Lebih lanjut Aris mengatakan untuk mendukung program tersebut, selain perluasan, pihaknya juga akan mengintensifkan pembinaan dan pengawasan terhadap proses penanaman bawang merah, termasuk penerapan budidaya bawang merah ramah lingkungan.

Sri Hartati, PPL Kecamatan Lendah Kabupaten Kulon Progo menyampaikan bahwa petani bawang merah di Kecamatan Lendah baru mulai merintis budi daya ramah lingkungan di tahun 2020 ini. Total luas lahan bawang merah di Kecamatan Lendah ada 20 hektar dan sekitar 20% atau 4 hektar mulai merintis budi daya ramah lingkungan di Desa Bumirejo Kecamatan Lendah Kabupaten Kulon Progo”.

“Kelompok tani bawang merah yang baru merintis penerapan budidaya ramah lingkungan adalah Kelompok Tani Setyo Tuhu di Dusun Bonosoro Desa Bumirejo, Kecamatan Lendah, Kabupaten Kulon Progo, DI Yogyakarta,” pungkas Sri.

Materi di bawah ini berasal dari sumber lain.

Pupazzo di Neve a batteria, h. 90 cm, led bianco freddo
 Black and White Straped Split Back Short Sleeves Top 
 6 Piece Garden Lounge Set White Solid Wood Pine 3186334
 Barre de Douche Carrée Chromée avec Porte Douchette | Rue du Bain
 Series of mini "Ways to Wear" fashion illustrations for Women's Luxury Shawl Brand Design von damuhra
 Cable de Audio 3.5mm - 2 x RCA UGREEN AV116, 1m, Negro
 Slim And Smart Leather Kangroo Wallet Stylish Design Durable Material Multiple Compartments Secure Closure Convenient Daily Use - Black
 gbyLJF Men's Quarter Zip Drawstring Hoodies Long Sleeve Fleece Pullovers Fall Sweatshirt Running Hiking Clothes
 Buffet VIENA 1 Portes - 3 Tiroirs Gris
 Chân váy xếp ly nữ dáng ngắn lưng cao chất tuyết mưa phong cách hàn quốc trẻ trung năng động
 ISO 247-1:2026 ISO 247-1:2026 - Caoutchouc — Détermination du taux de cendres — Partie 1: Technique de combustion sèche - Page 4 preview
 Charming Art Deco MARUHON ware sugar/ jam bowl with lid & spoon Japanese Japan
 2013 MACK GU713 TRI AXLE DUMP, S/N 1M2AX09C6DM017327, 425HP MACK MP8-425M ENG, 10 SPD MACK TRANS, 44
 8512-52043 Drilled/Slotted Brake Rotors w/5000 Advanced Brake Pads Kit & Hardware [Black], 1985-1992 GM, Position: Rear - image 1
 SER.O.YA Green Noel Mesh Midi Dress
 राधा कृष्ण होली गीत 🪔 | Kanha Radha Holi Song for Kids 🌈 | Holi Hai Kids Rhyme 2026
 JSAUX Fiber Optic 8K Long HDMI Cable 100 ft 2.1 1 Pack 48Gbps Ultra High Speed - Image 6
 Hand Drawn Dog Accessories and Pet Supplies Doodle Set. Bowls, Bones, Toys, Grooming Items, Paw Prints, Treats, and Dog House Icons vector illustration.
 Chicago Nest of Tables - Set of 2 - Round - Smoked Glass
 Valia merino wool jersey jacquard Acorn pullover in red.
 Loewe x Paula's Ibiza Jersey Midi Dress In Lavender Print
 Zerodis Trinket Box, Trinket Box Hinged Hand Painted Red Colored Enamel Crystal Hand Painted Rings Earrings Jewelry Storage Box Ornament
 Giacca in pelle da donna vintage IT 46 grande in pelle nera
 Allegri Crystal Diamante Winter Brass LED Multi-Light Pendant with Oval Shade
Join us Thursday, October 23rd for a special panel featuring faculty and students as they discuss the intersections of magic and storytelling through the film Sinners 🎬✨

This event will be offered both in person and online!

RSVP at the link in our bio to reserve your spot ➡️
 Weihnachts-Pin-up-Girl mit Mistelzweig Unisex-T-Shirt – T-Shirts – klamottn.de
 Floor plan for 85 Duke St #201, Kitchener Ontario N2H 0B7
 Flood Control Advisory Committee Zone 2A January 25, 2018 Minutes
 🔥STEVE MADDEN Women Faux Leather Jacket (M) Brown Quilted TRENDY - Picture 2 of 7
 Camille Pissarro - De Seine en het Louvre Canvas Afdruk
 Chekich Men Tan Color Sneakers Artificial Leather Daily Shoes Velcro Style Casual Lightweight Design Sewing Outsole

Senada dengan pernyataan Sri, Ngadiran Petugas Pengendali OPT (POPT) Kabupaten Kulon Progo menjelaskan, Penerapan budi daya bawang merah ramah lingkungan baru dirintis dengan memasang likat kuning dan feromon sex. Untuk monitoring dan menekan populasi hama ulat bawang dipasang perangkap feromon sex sebanyak 20 buah per ha.

“Termasuk mengaplikasikan pupuk organik pada pemupukan dasar dan menanam tanaman refugia di sekitar lahan untuk meningkatkan jumlah musuh alami, terutama parasitoid dan predator pada pertanaman,” jelas dia.

Produktivitas bawang merah Kelompok Tani Setyo Tuhu dapat mencapai 15 ton per ha. Saat ini, harga bawang merah basah di tingkat petani sekitar Rp. 15.000 per kg. Dengan bermodalkan biaya produksi sekitar Rp. 100 juta per ha, petani dapat mengantongi keuntungan sekitar Rp. 125 juta per ha.

“Sampai saat ini OPT yang menyerang tanaman bawang merah hanya ulat bawang (Spodoptera exigua) dengan tingkat serangan yang masih ringan dan masih dapat dikendalikan dengan pengendalian “cap jempol” atau pengendalian secara mekanik yang dilakukan dengan cara mengumpulkan kelompok telur dan larva S. exigua (pembutitan) lalu memusnahkannya yang dilakukan pada umur 7 – 35 hari setelah tanam,” jelas Ngadiran lebih lanjut.

Sri Wijayanti Yusuf, Direktur Perlindungan Hortikultura, dalam arahannya menyampaikan, “Saya merekomendasikan kepada seluruh petani untuk mengaplikasikan agens pengendali hayati, pestisida nabati, likat kuning, feromon dan penanaman refugia dalam pengendalian OPT, serta selalu melakukan monitoring pada pertanaman bawang merah. Dengan demikian serangan OPT dapat dikendalikan dan tidak sampai mengganggu produksi dan mutu produk bawang merah,” bebernya.